COOPER: Iraq, what -- do you see progress there or do you see steps back?
BROWNBACK: I see progress after we get past the election. This election is crucial. And I was glad to see poll numbers today saying most Iraqis are going to vote.
COOPER: What do you think the election will change, though?
BROWNBACK: You'll get a legitimate government in and you'll get a buy-in from the people that say, well, OK, I may not agree on all things with him, but this is the person that's elected and you can then start to build that democratic buy-in.
Allawi, a great guy, but he was picked by outsiders and we need to have somebody that's picked by the people of Iraq.
COOPER: The importance -- why are these events important to those who supported the president, to those who have worked so hard? Why have these big celebrations, these big parties?

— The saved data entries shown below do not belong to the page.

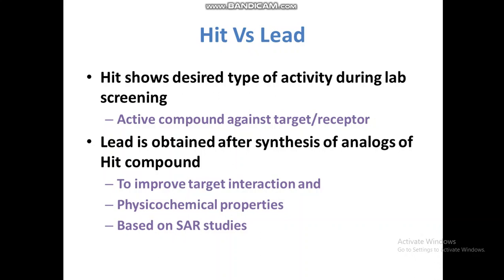A lead compound is obtained after synthesis of analogues of the hit compound. When we have hit compounds, we study what functional groups are active, and then we design different compounds with varying properties to optimize and improve the interaction, potency, or physicochemical properties of that compound. SAR studies of the hit compound tell us what pharmacophores or functional groups are important and should be present in our lead compound.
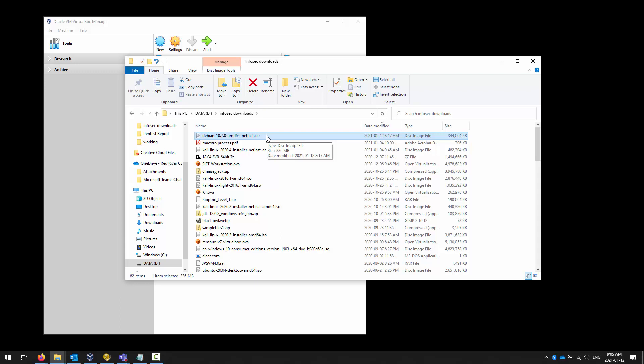I don't want to install a bunch of extra stuff in Debian that I'm never going to use. We're going to start with a very small set of components and only add what we need. Setting up Debian with a graphical interface — even XFCE — installs unnecessary software onto our server. That software can be open for exploitation, as we'll see when we're doing pen testing.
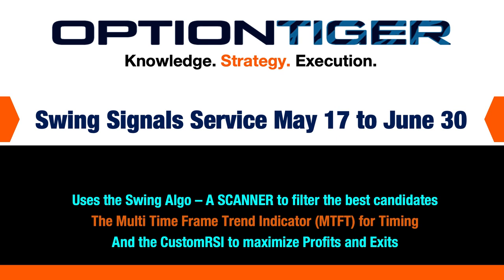Hello everybody, this is Hari Swaminathan from OptionTiger.com. I wanted to announce a special on the swing signal service, May 17th to June 30th. This is happening on Udemy as well as on the website.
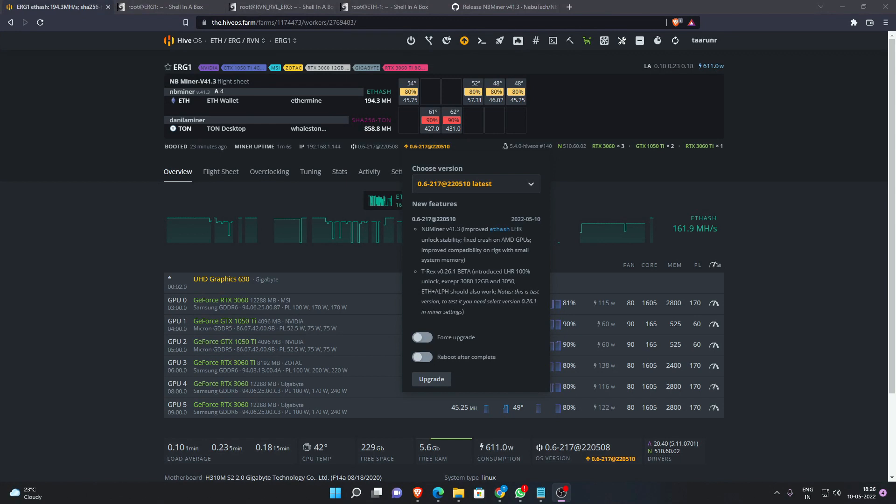This is Tarun from Minus Gateway. Looks like we have got a bug fix for NB Miner version 4.31 which gives us more stability after the 100% LHR unlock.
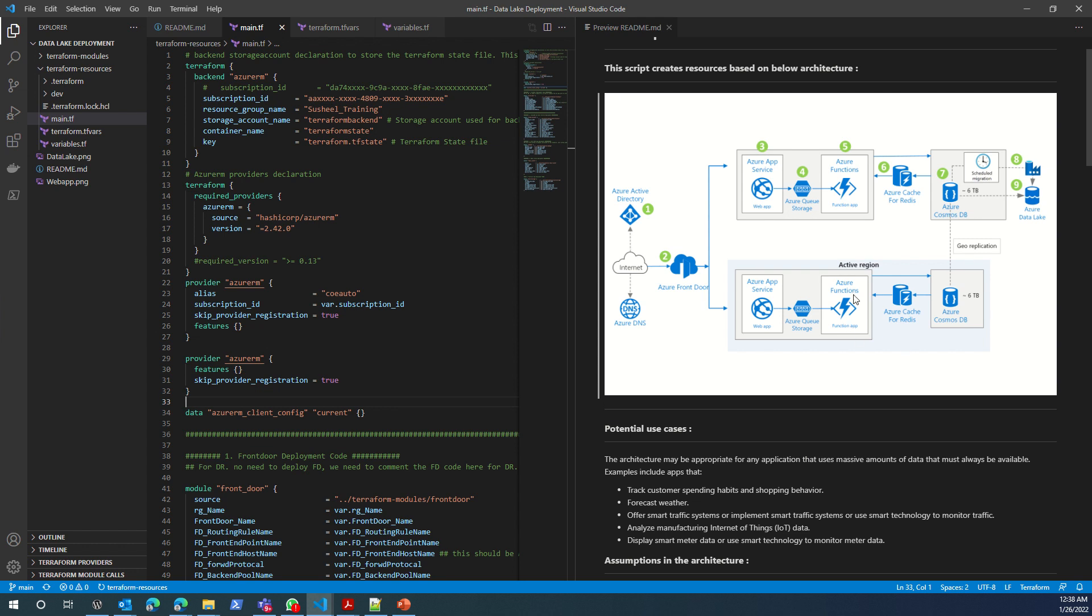Then you're using Function App to process your data and the queue storage will be used for the Function App.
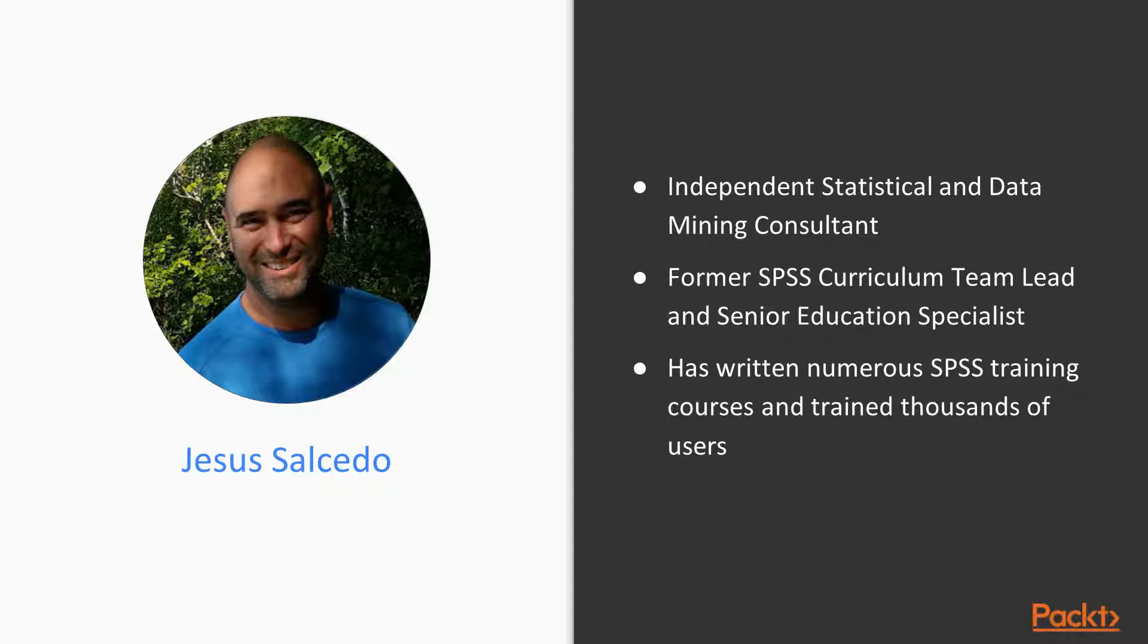My name is Jesus Salcedo, and I have a PhD in psychometrics from Fordham University. I am an independent statistical and data mining consultant and have been analyzing data for over 20 years. I am a former SPSS curriculum team lead and senior education specialist, and I have written numerous SPSS training courses and trained thousands of users.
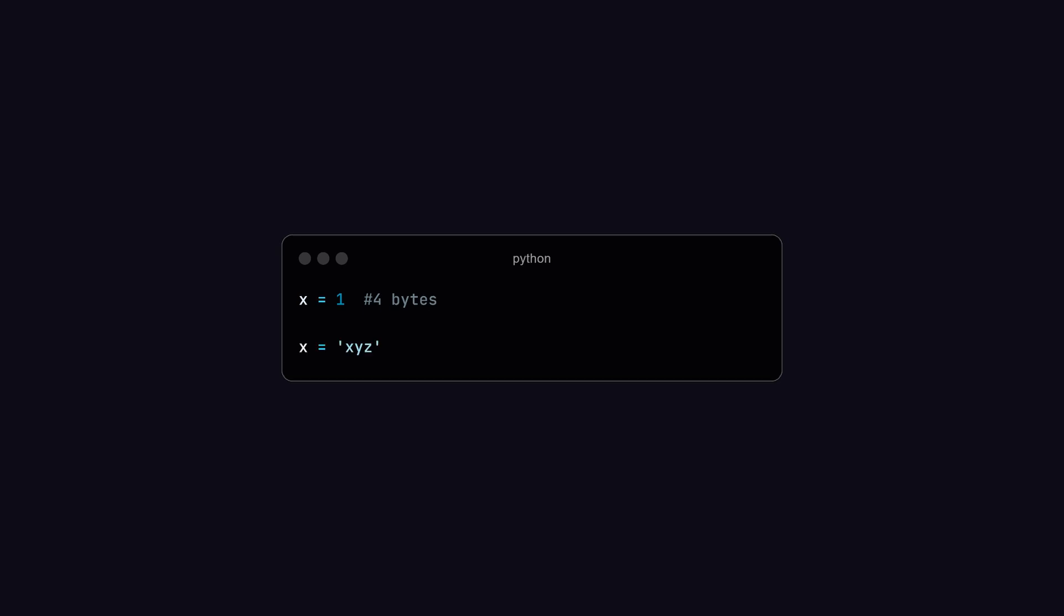Look at this code. First, we assign one to a variable named x, and this variable is taking 4 bytes of memory. But if we assign the string xyz to the same variable, then the memory occupied by the same variable will change.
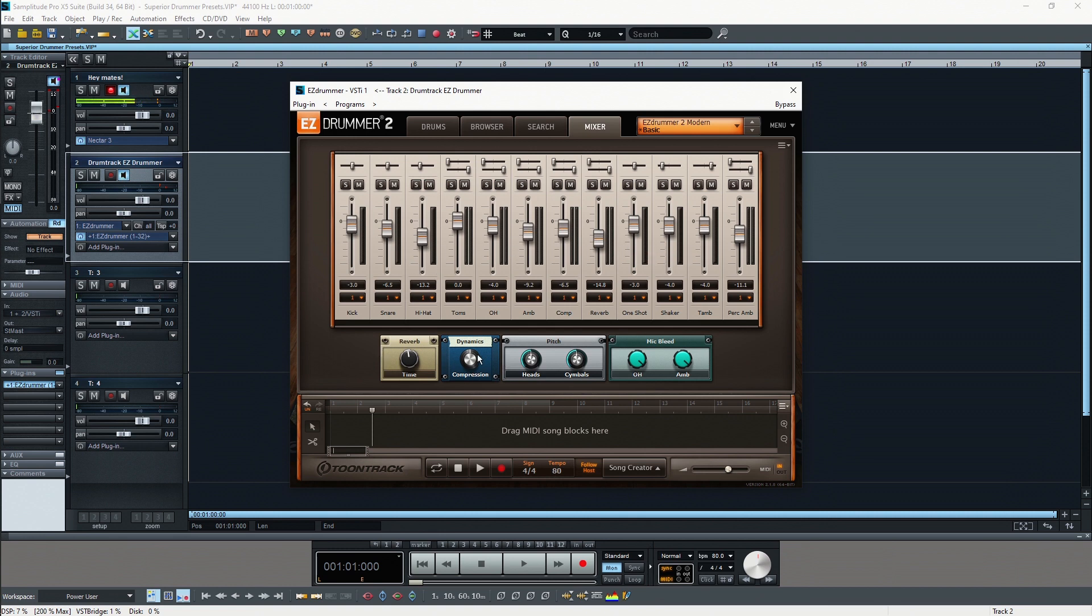Underneath the mixing console you have some preset related effects you can actually fine tune, for example the amount of reverb, how much compression you want to apply, and then you can alter the pitch of the heads and the cymbals slightly. There's also mic bleed.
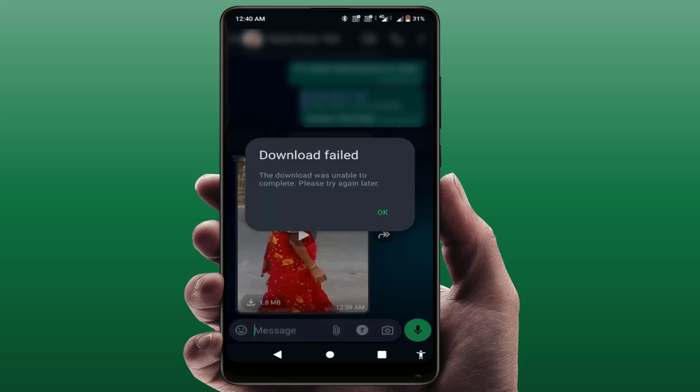Hello guys, hope you all are doing well. Today I'm back with one of the most interesting video tutorials. We will learn how to fix the error on your WhatsApp when you are downloading anything and you get this problem: 'Download failed, the download was unable to complete, please try again later.' As you can see on my screen, when I try to download a video I get this type of error — and it can happen when downloading images, ZIP files, or documents from WhatsApp too.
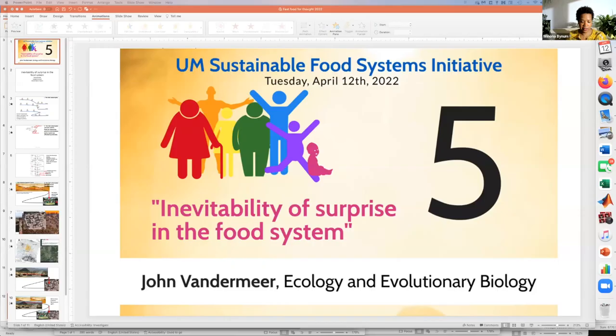It is my pleasure to introduce John Vandermeer. He is a professor in the Ecology and Evolutionary Biology School, and his favorite food is pianonos. He'll be talking to us about the inevitability of surprising the food system. Thank you, John.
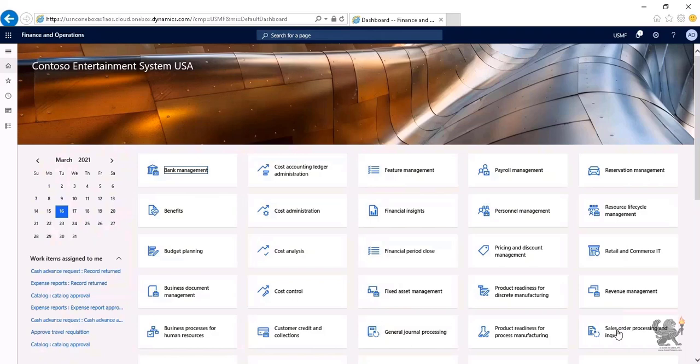You notice that I have access to all available workspaces and menu items because I've been assigned to be a system administrator. Now it's time to take a look at some of the operational workspaces from the main dashboard.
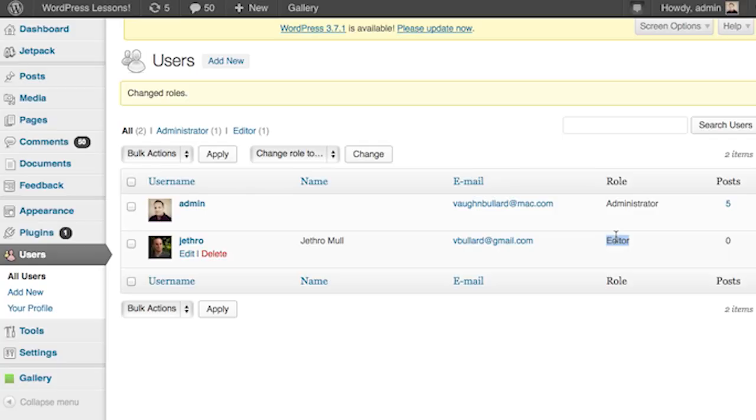And that's really all there is to it. Now your user will be able to edit posts on your WordPress site. That's how easy it is, folks — that was how you can assign an editor in WordPress.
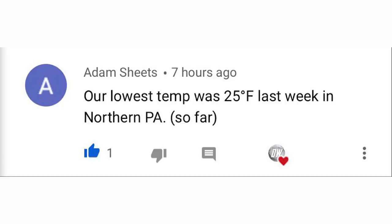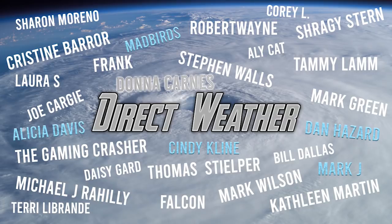For the comment of the day, I asked what's the coldest temperature you've felt so far this cold season. Adam Sheets said their lowest temp was 25 degrees Fahrenheit last week in northern Pennsylvania — extremely cold and a huge difference from last September, which was much warmer. For the Patreon highlight, a special thank you to our diamond patrons: Alicia Davis, Madbird, Cindy Klein, Dan Hazard, and Mark J, alongside our platinum patron Donna Karnas. Thanks for watching — be sure to share with friends, family, and social media. See you in the next video.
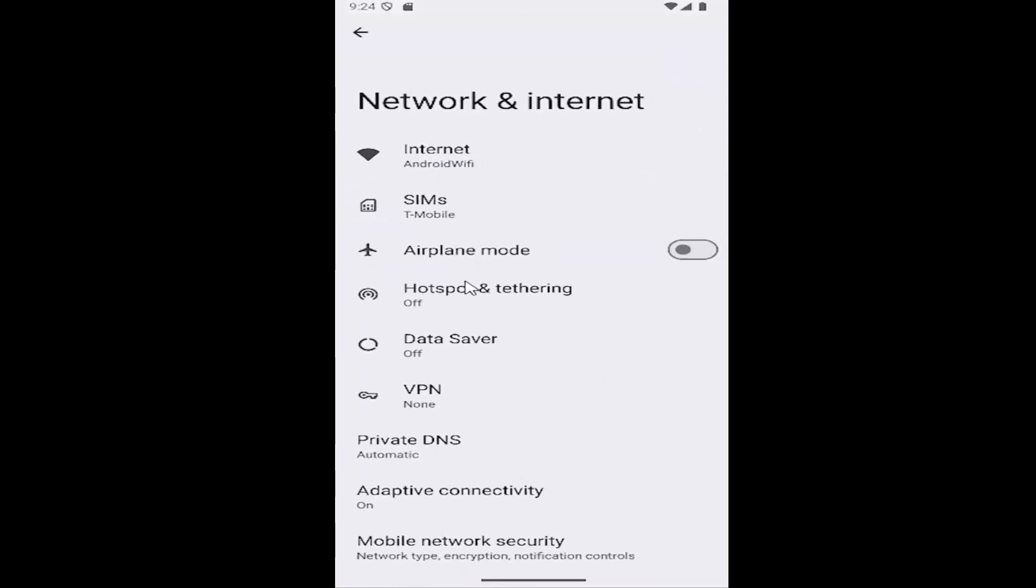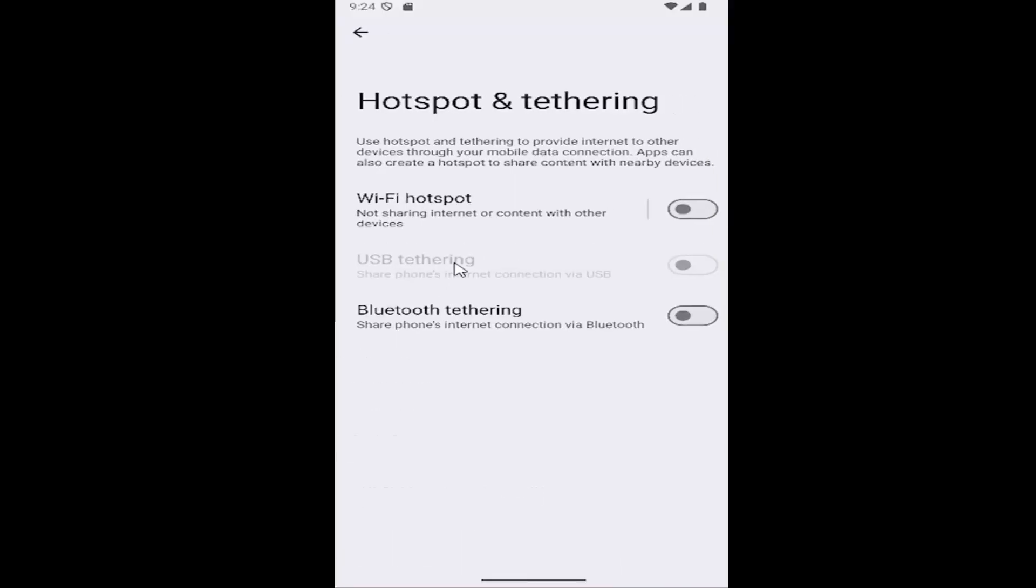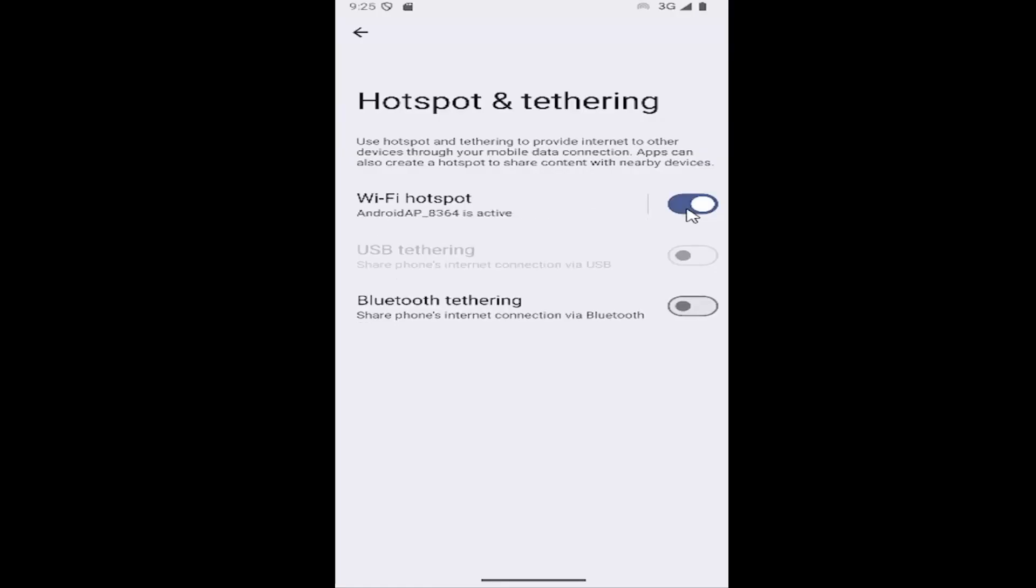And now you want to select the hotspot and tethering button. At this point, you can go ahead and enable Wi-Fi hotspot by just toggling that to the right to turn that on.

BROWNBACK: You have these big elections and you involve the whole country in it. And it's a fight and it's a push back and forth and then ultimately somebody wins.
And then there's a couple months time period here to kind of let everybody soothe down. And then this is kind of about the launch for the new administration. And I think that's what this is about. It's a time to celebrate, but it's also to set the tone for the next four years.
COOPER: Senator Brownback, we appreciate you being with us. Enjoy the party tonight.
BROWNBACK. I will. Thank you.
COOPER: Thanks very much.
Our coverage continues. We'll be right back.
G.W. BUSH: Over the next four years, we'll make sure America is as free as it possibly can be for every single citizen. We'll also work to spread freedom and peace around the world.
(CHEERING AND APPLAUSE)
G.W. BUSH: I'm looking forward to the next four years. I'm looking forward to putting my heart and soul into this job. And I firmly believe that by being steadfast and strong and determined in our efforts, we'll be able to look back and say we left a better world for our children and our grandchildren.
(CHEERING AND APPLAUSE)
G.W. BUSH: And now right here, amongst our fellow Texans and some good folks from Wyoming, it's my honor to ask the first lady for an inaugural dance.
(CHEERING AND APPLAUSE)
COOPER: Time for some humor as well. Nice to see.
Of course, Florida Governor Jeb Bush in the background dancing as well. It's funny. President Bush started off this evening, when he first asked his wife to dance, he said, this was the first time in some four years. He's certainly made up for it tonight. This is at least I think the third time we've seen him dance now.
ZAHN: I can't think of anything tougher to do, knowing you have hundreds of cameras trained on you and suddenly you're supposed...
ZAHN: ... it look spontaneous.
COOPER: With each dance, though, he's warming up to it. They're getting more into it, I think.
ZAHN: Well, the one thing we certainly captured today was Laura Bush's joy in her face. I intently watched her during his inaugural address. And it was quite stunning to watch.
COOPER: She really looks beautiful tonight.
We have not seen Karl Rove so far this evening, of course, a man who has gotten much credit for President Bush's reelection. There are those who love him. There are those who hate him, certainly. But you have to admit, he is a master at what he does. And, as today shows, what he does best is win.
The president's chief political adviser was not only on hand for the inauguration. He played a big hand making it all happen. Now that he's helped Mr. to another term in office, the Texan will push a presidential agenda that could shape the country for years to come.
Tonight, we shine a light on the man who works in the president's shadow.
G.W. BUSH: The architect, Karl Rove.
(CHEERING AND APPLAUSE)
COOPER (voice-over): Karl Rove told "Newsweek" he was deeply embarrassed when President Bush singled him out like that the day after the election.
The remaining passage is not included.